Jewish Revolt and Destruction of the Temple
As historian Mark Noll notes, in the first century world, tensions were high between the Roman Empire and Jews living in Judea. What contributed to the mounting conflict? Factors were many, including social, economic, and political unrest. The heavy hand of Roman oppression was felt in all areas of life. In AD 66, a Jewish-led revolt broke out. The Jews achieved early victories in their revolt but the mighty Roman army advanced upon the city of Jerusalem. In April, AD 70, Jerusalem fell under attack by the Romans. Later that year the temple, the very center of Jewish life, was destroyed.
Impact on the Church
Consider for a moment what the fall of Jerusalem meant for the early church. Mark Noll writes, “The great turning point represented by the destruction of Jerusalem was to move Christianity outward, to transform it from a religion shaped in nearly every particular by its early Jewish environment into a religion advancing toward universal significance in the broader reaches of the Mediterranean world and then beyond.”

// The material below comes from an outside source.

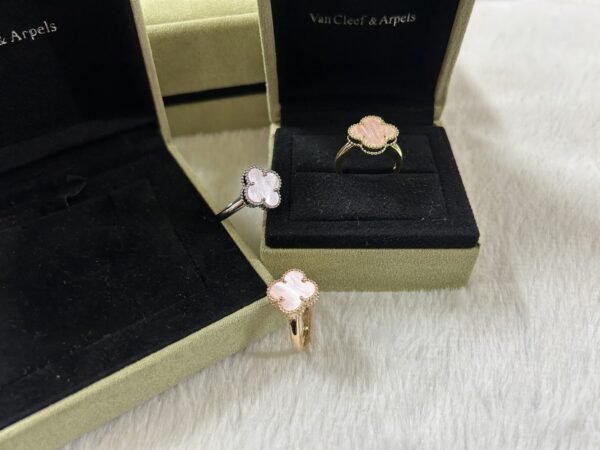 [Eternal Jewelry]Pink Clover Ring
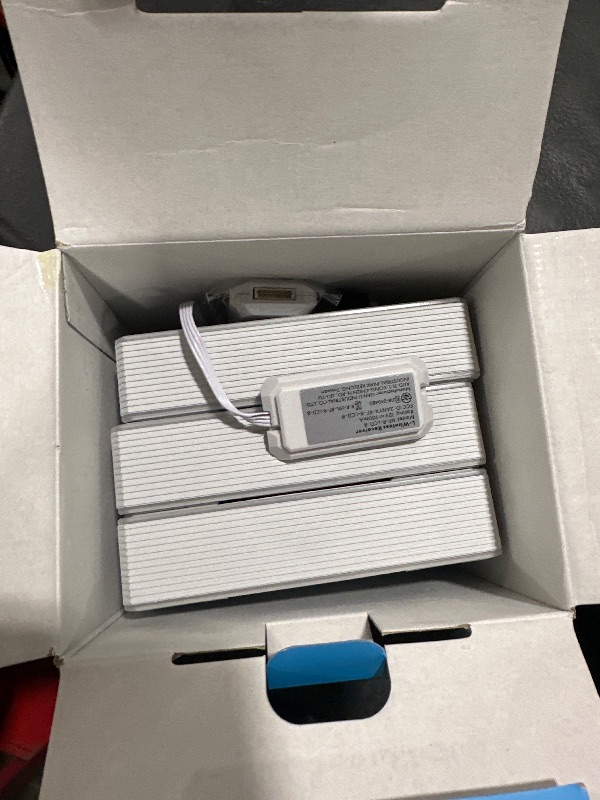 Photo 1 of Lian Li UNI Fan SL-Infinity Wireless 120 - Triple Pack (Reverse Blade) - 2.4 GHz Wireless Signal ARGB Fan Control - Double Infinity Mirror - Low Noise - Controller Included - White (12RSLIN1W3W)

The fall of Jerusalem was a moment of distinction for the church. In the beginning, Christianity had been viewed as a sect of Judaism. Now, there were clear and obvious differences, with Christians claiming Jesus as the Anointed One, the Messiah who is Lord. But Christianity was still seen and understood from a predominantly Jewish paradigm. Christianity was shaped in every way, as Noll says, “by its early Jewish environment.” But now, because of these events in Jerusalem, Christianity set itself apart all the more from Judaism.

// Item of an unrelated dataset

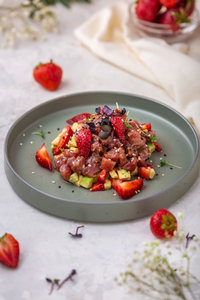 Tuna tartare with strawberries and avocado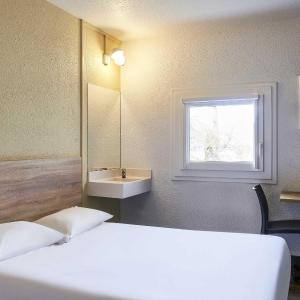 Tandem Room for Two Travelers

Jerusalem was the center of Judaism; and in many ways, it was also the center of the Christian faith as well. With the fall of Jerusalem, this would no longer be the case for the Christian faith. Christianity had already spread well beyond Jerusalem and Judea, but now its outward trajectory was solidified, spreading throughout the Roman Empire and eventually the world.
The Worldwide Movement of Christianity
The worldwide movement of Christianity was well under way. Consider the words of Jesus, from Matthew 28: “All authority in heaven and on earth has been given to me. Go therefore and make disciples of all nations, baptizing them in the name of the Father and of the Son and of the Holy Spirit, teaching them to observe all that I have commanded you. And behold, I am with you always, to the end of the age” (vv. 18–20).
As the church moved out, as disciples were made of the nations, the Lord was with them. Of course there have been times when the church has forgotten her missionary character and calling to go and make disciples. We certainly see this in church history, even as we may sense that in our own lives. And yet, the Lord was and continues to be on the move, drawing us into the Lord’s mission.
As you consider the ever-widening movement of our Lord, the ever-expansive reach of His grace, spend some time praying for those who seem far from the Lord.